*** Opening of EXCERPTED RECORDS ***
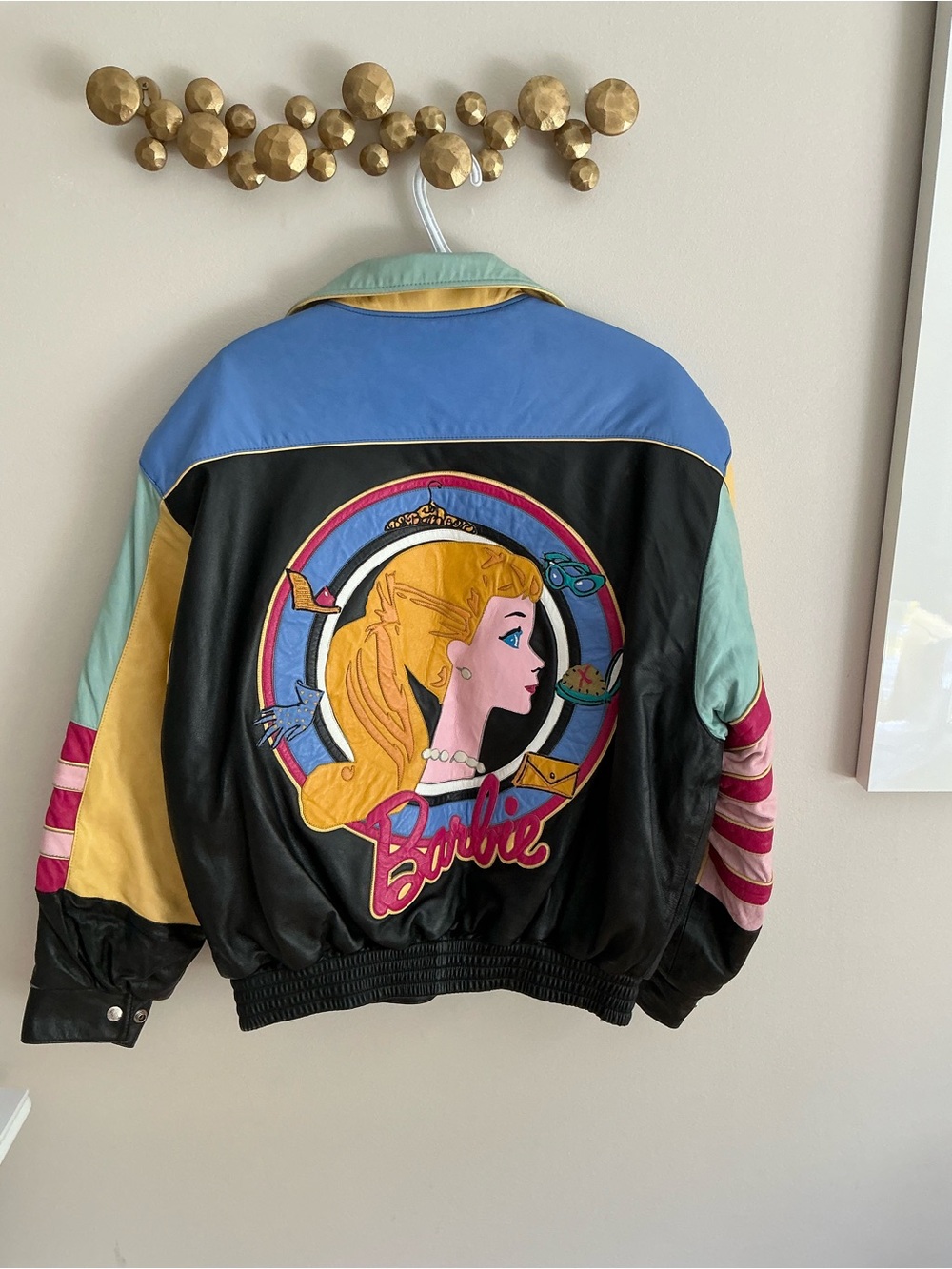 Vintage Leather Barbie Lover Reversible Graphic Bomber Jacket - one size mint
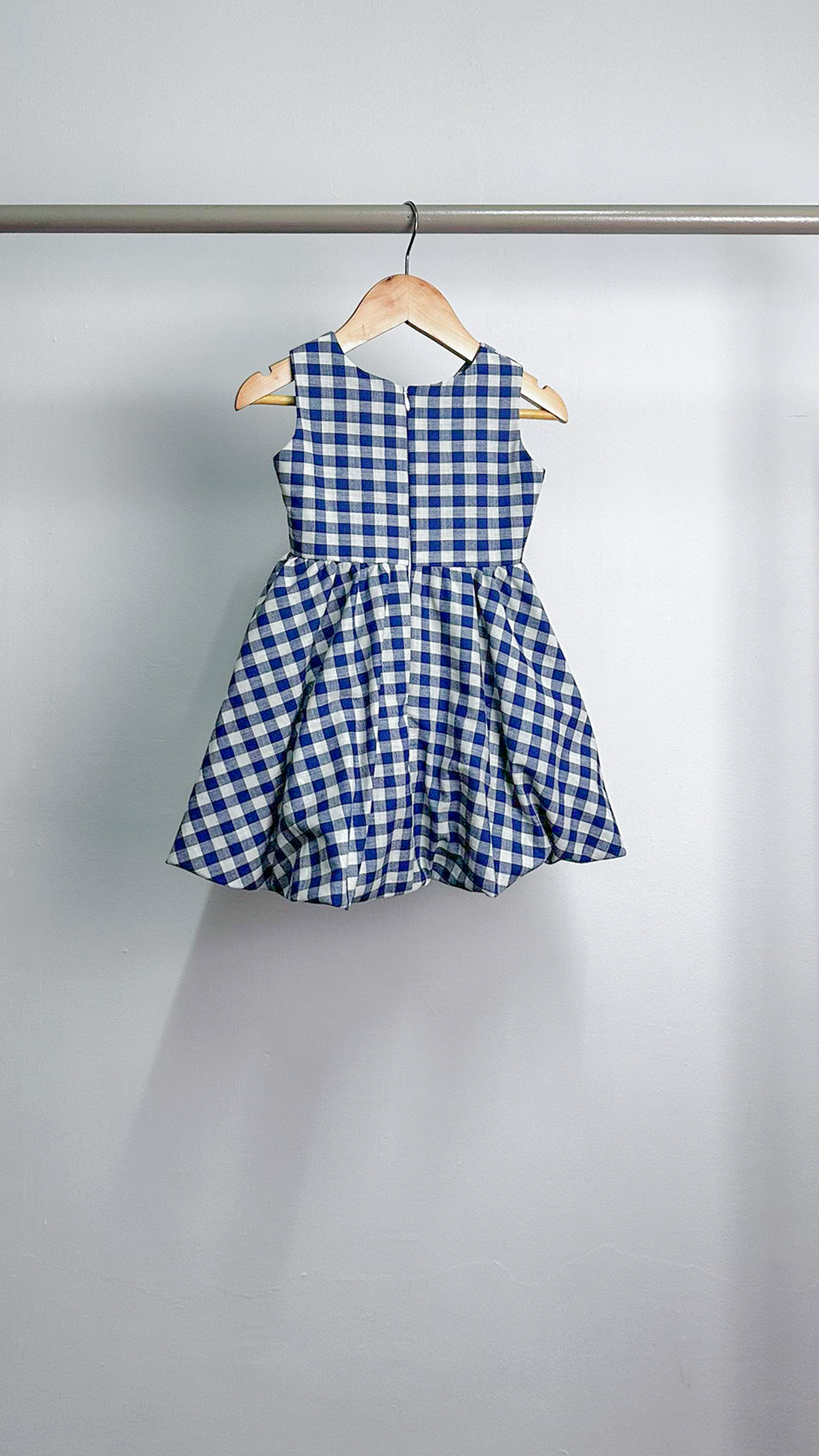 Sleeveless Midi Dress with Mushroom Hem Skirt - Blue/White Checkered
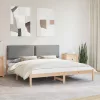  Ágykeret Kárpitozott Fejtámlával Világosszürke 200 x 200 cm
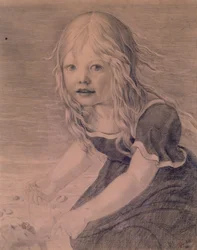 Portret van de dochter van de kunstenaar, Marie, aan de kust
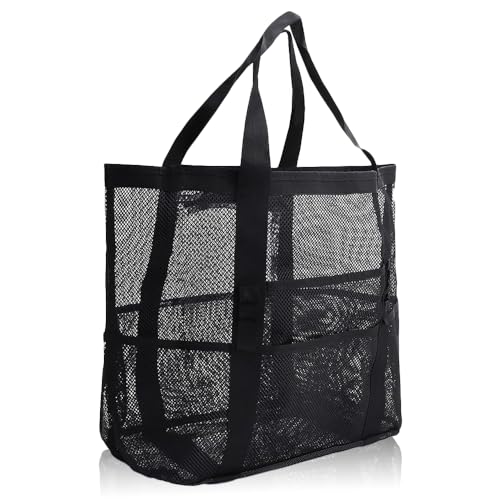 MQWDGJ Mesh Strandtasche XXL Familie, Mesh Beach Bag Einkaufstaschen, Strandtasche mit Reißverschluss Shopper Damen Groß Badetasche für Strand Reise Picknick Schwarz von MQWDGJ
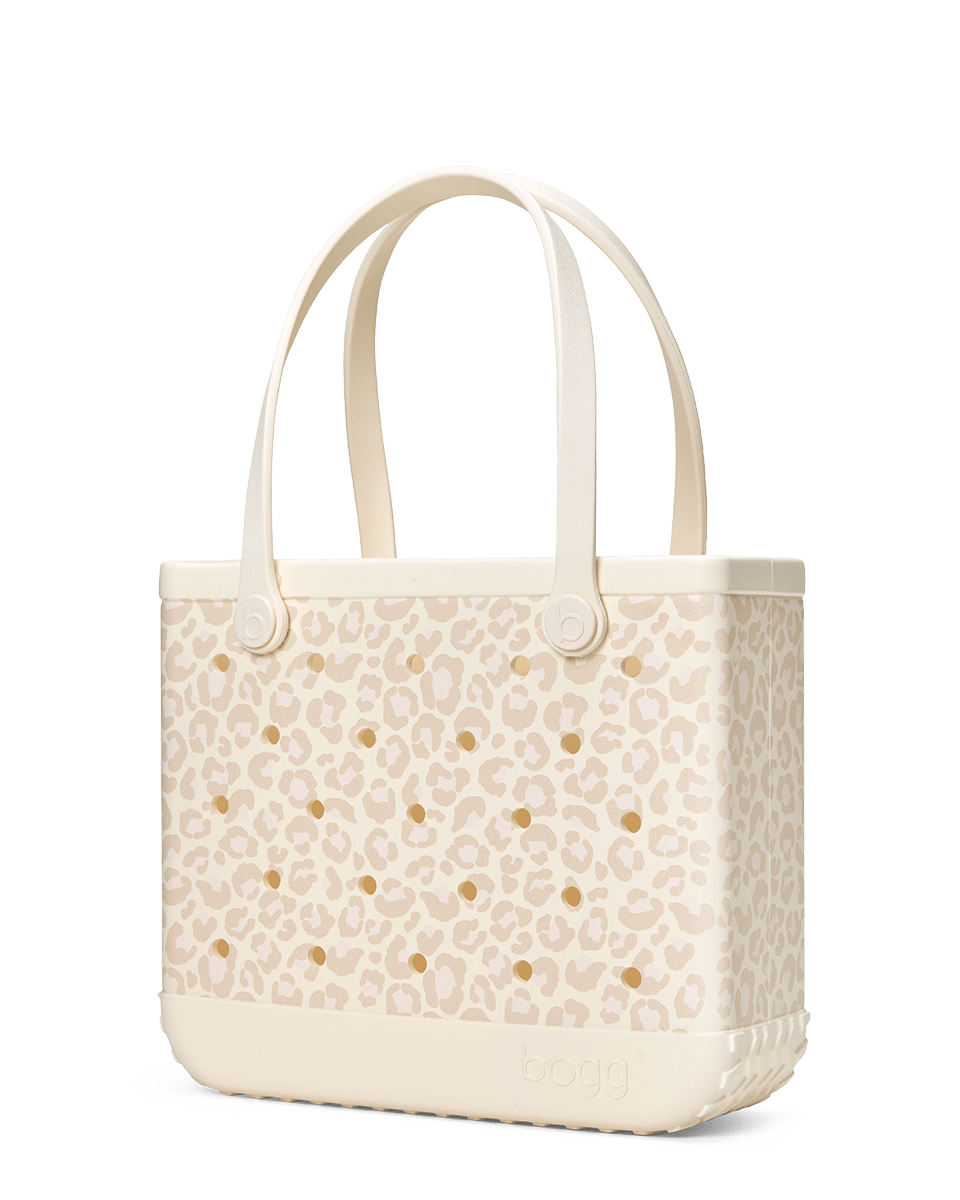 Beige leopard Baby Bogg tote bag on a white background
*** Close of EXCERPTED RECORDS ***
*** Opening of EXCERPTED RECORDS ***
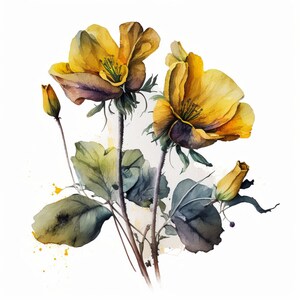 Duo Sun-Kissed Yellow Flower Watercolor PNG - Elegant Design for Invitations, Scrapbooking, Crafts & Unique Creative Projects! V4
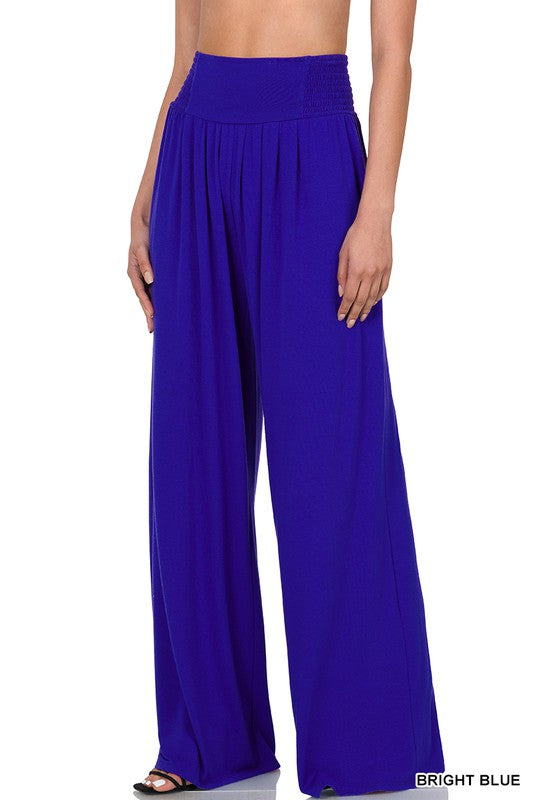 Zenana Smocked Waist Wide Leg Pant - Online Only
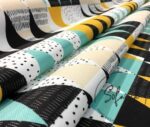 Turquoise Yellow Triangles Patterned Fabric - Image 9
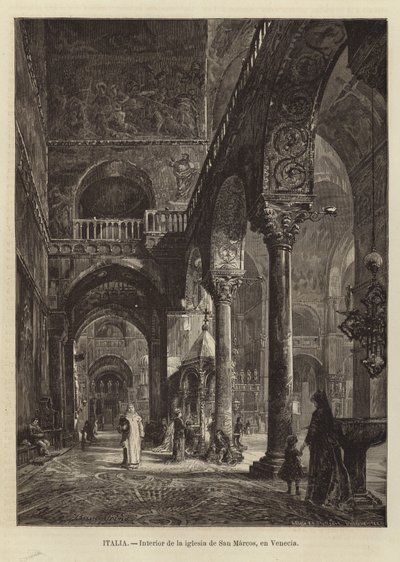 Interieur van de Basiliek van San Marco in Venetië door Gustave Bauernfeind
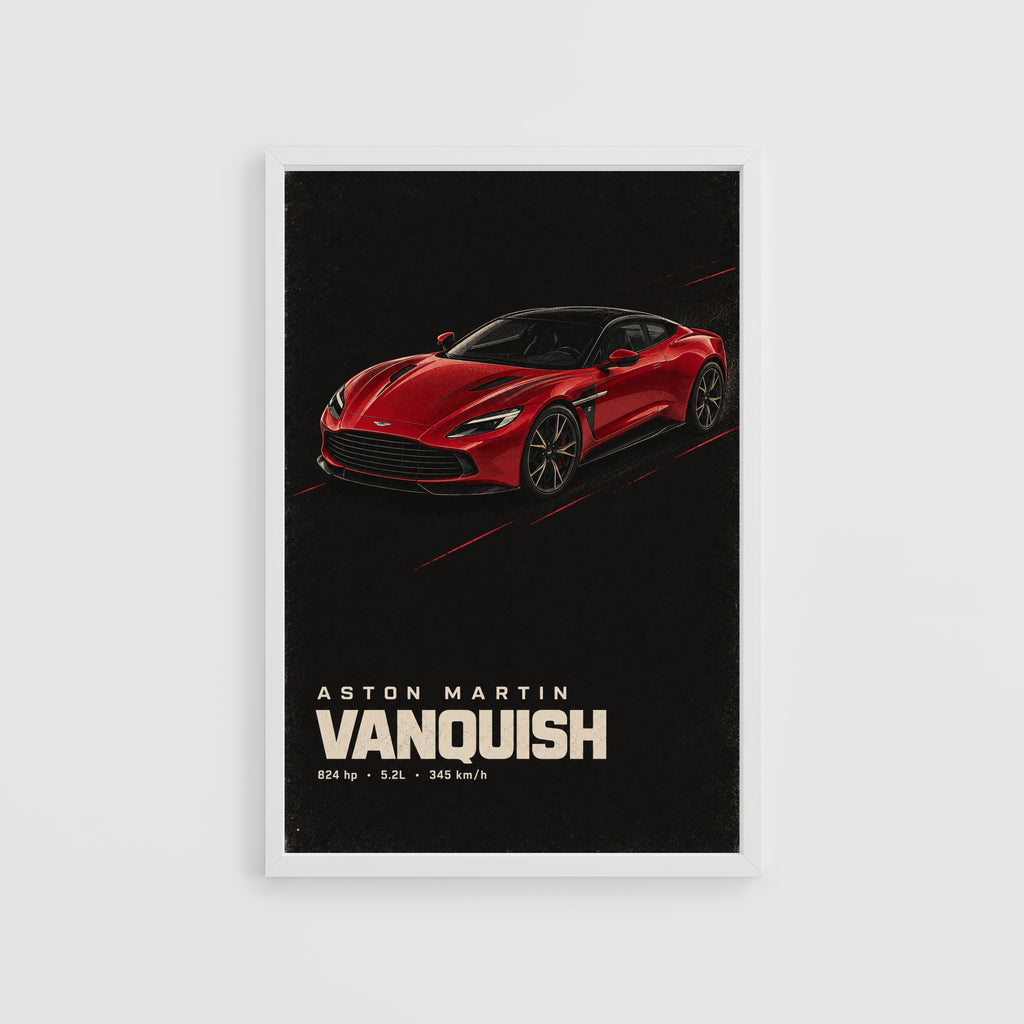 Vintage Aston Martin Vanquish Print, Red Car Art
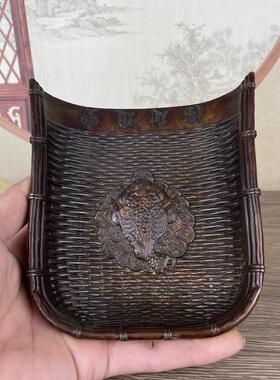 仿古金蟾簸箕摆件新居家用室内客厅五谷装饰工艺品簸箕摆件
*** Close of EXCERPTED RECORDS ***
*** Opening of EXCERPTED RECORDS ***
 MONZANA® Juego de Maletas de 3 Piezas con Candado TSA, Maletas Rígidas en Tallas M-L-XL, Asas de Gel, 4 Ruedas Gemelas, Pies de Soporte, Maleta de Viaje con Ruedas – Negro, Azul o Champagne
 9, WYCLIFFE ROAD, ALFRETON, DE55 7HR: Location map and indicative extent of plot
*** Close of EXCERPTED RECORDS ***
*WHAT THE EXERCISE ASKS:* What is needed is an exact copy of the lines above from the one with "Interieur van de" to the one with "仿古金蟾簸箕摆件新居家用室内客厅五谷装饰工艺品簸箕摆件", both ends kept, and nothing more; please leave the pictures out.

*OUTPUT OF THE EXERCISE:*
 Interieur van de Basiliek van San Marco in Venetië door Gustave Bauernfeind
 Vintage Aston Martin Vanquish Print, Red Car Art
 仿古金蟾簸箕摆件新居家用室内客厅五谷装饰工艺品簸箕摆件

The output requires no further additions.